Katharine's father, overjoyed to see this reformation in his
daughter, said: "Now, fair befall thee, son Petruchio! You have
won the wager, and I will add another twenty thousand crowns to
her dowry, as if she were another daughter, for she is changed as
if she had never been."
"Nay," said Petruchio, "I will win the wager better yet, and show
more signs of her new-built virtue and obedience." Katharine now
entering with the two ladies, he continued: "See where she comes,
and brings your froward wives as prisoners to her womanly
persuasion. Katharine, that cap of yours does not become you; off
with that bauble, and throw it underfoot."

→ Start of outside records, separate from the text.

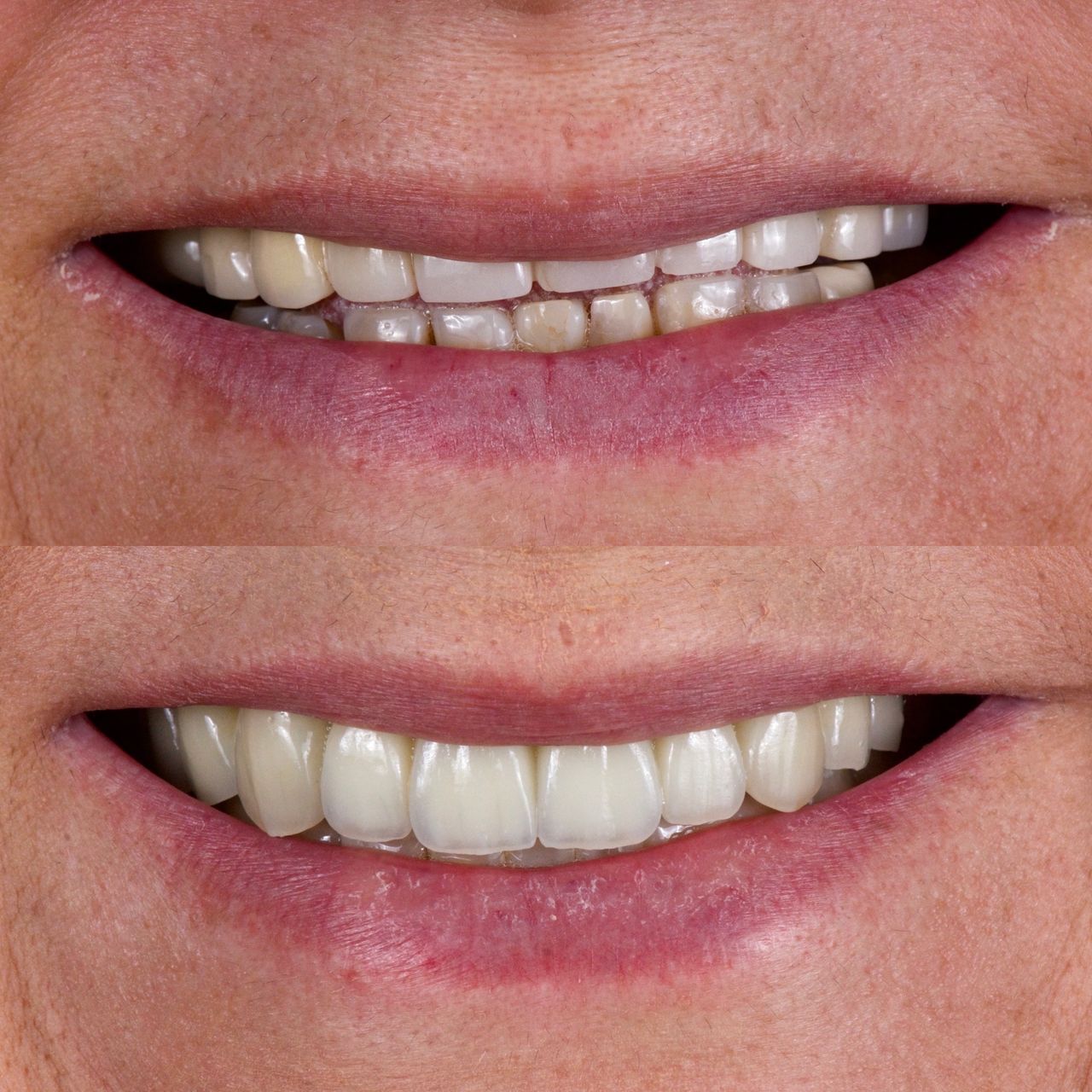 Mauricio Villegas Akena-14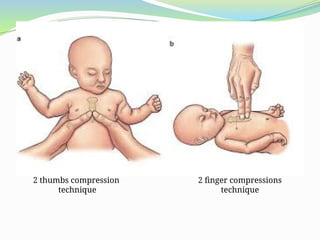 Basic Life Support Pediatrics........ | PPTX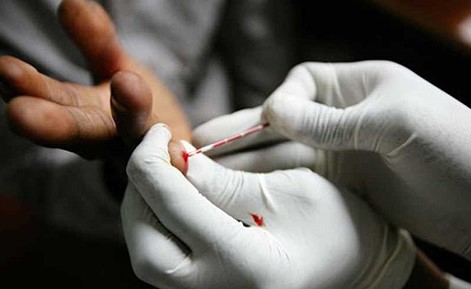 تدافع عدد كبير من سكان دولة عربية على مراكز فحص “الإيدز” لسبب غريب!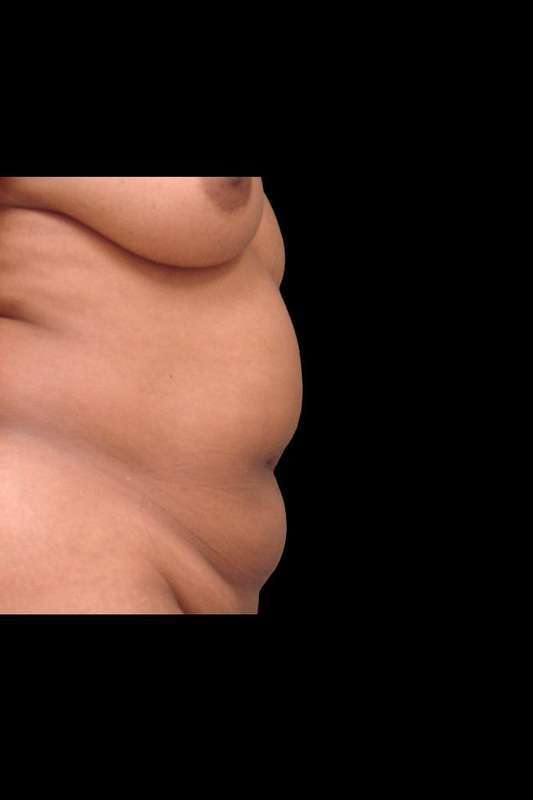 Tummy Tuck Before & After Patient #74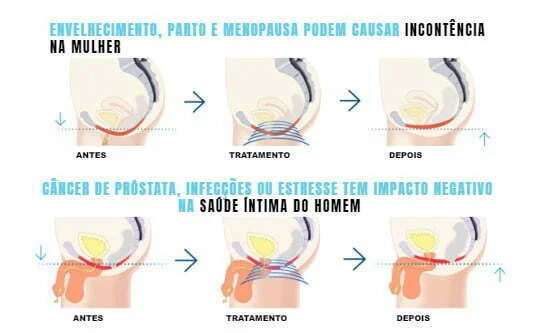 cadeira emsella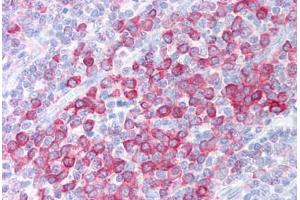 Human Tonsil (formalin-fixed, paraffin-embedded) stained with C1QTNF4 antibody ABIN213915 at 5 ug/ml followed by biotinylated goat anti-rabbit IgG secondary antibody ABIN481713, alkaline phosphatase-streptavidin and chromogen. (C1QTNF4 Antikörper  (C-Term))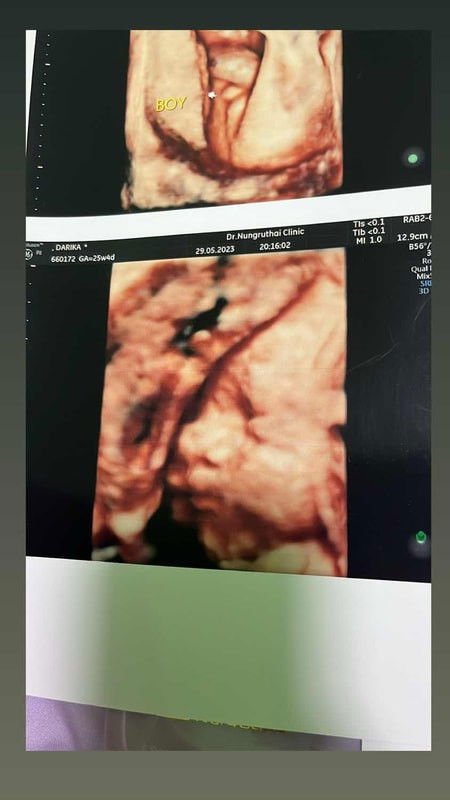 แม่ๆช่วยตั้งชื่อน้องหน่อยครับ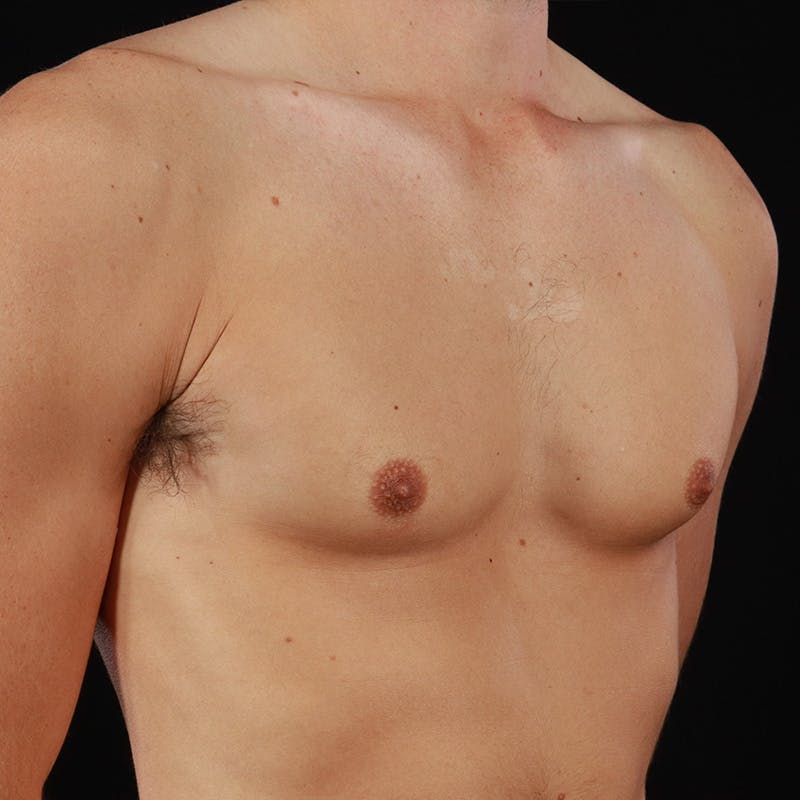 Gynecomastia Before & After Gallery - Patient 182904 - Image 3
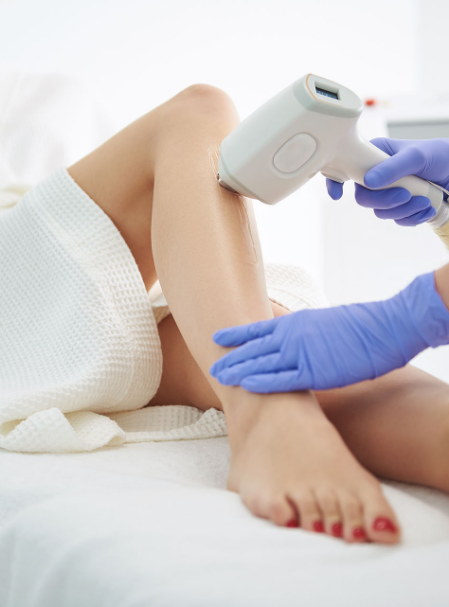 Depilazione laser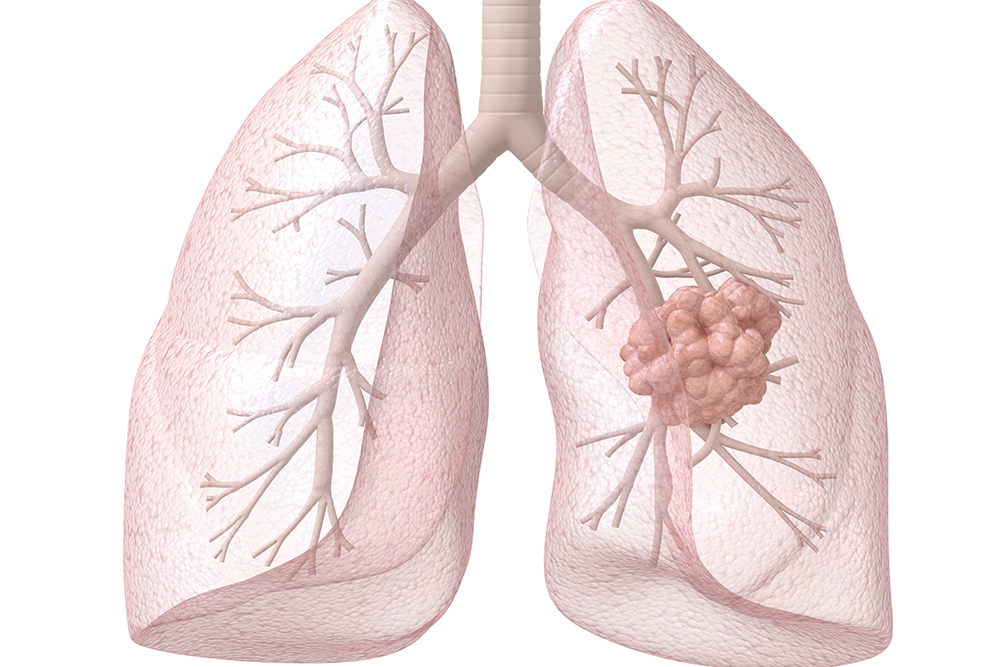 What Blood Work Indicates Colon Cancer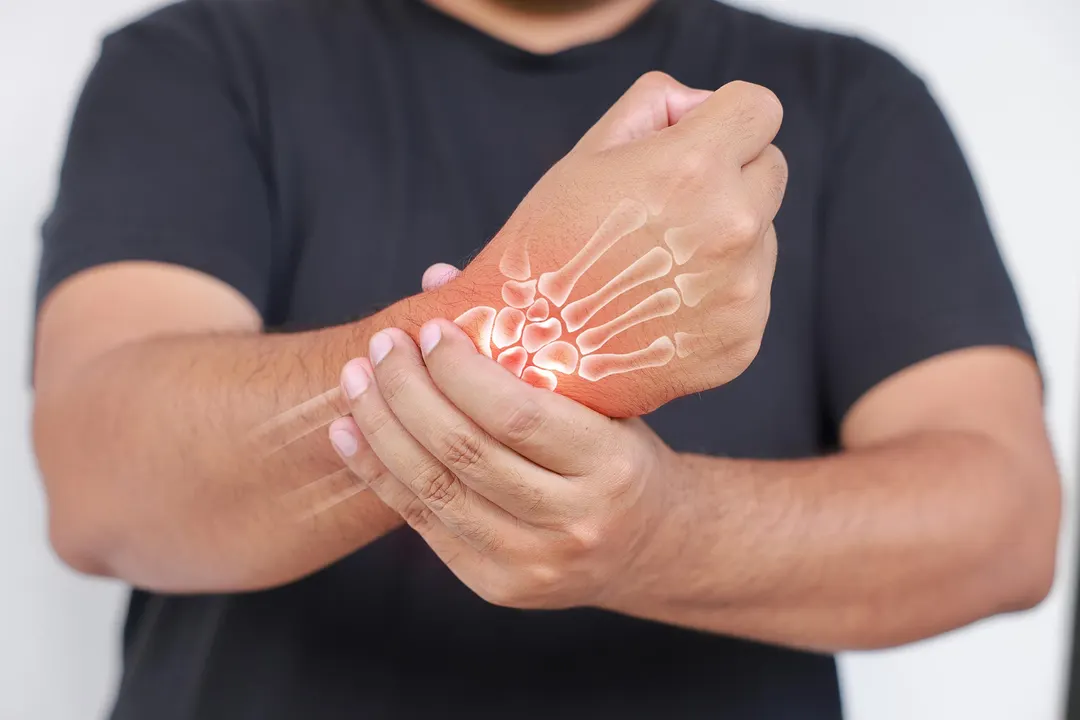 Stress May Reactivate Arthritis via Brown Fat and IL-6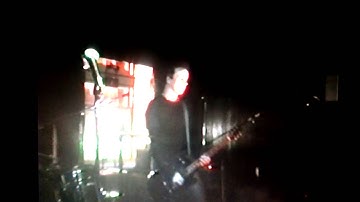 VICTIMS OF PROGRESS -SINGER LIGHTS LEG ON FIRE!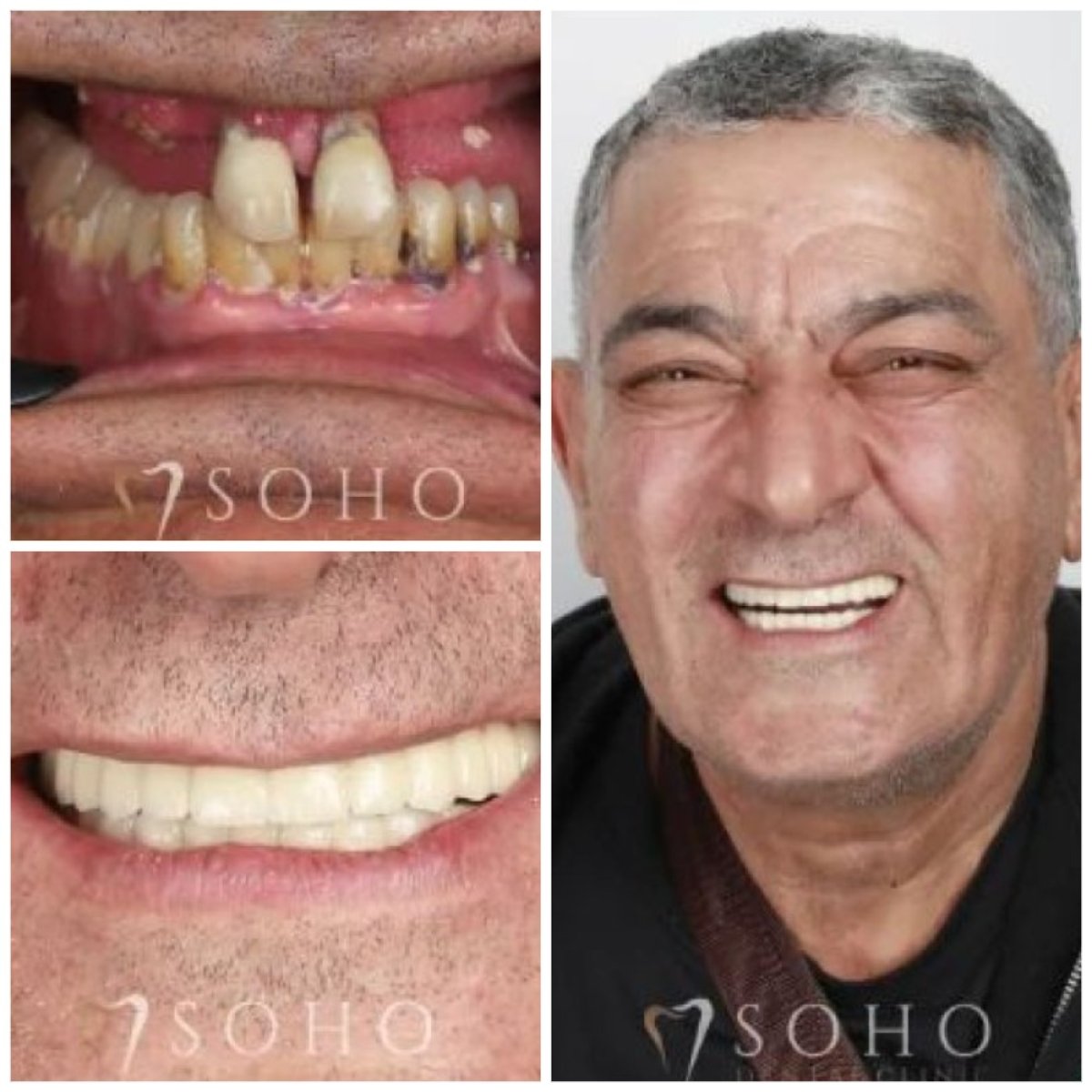 نتيجة زراعة الأسنان All-on-6 قبل وبعد في عيادة Soho – استعادة الابتسامة الكاملة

Katharine instantly took off her cap and threw it down.
"Lord!" said Hortensio's wife, "may I never have a cause to sigh
till I am brought to such a silly pass!"
And Bianca, she, too, said, "Fie! What foolish duty call you
this?"
On this Bianca's husband said to her, "I wish your duty were as
foolish, too! The wisdom of your duty, fair Bianca, has cost me a
hundred crowns since dinner-time."
"The more fool you," said Bianca, "for laying on my duty."
"Katharine," said Petruchio, "I charge you tell these headstrong
women what duty they owe their lords and husbands."
And to the wonder of all present, the reformed shrewish lady
spoke as eloquently in praise of the wifelike duty of obedience
as she had practised it implicitly in a ready submission to
Petruchio's will. And Katharine once more became famous in Padua,
not as heretofore as Katharine the Shrew, but as Katharine the
most obedient and duteous wife in Padua.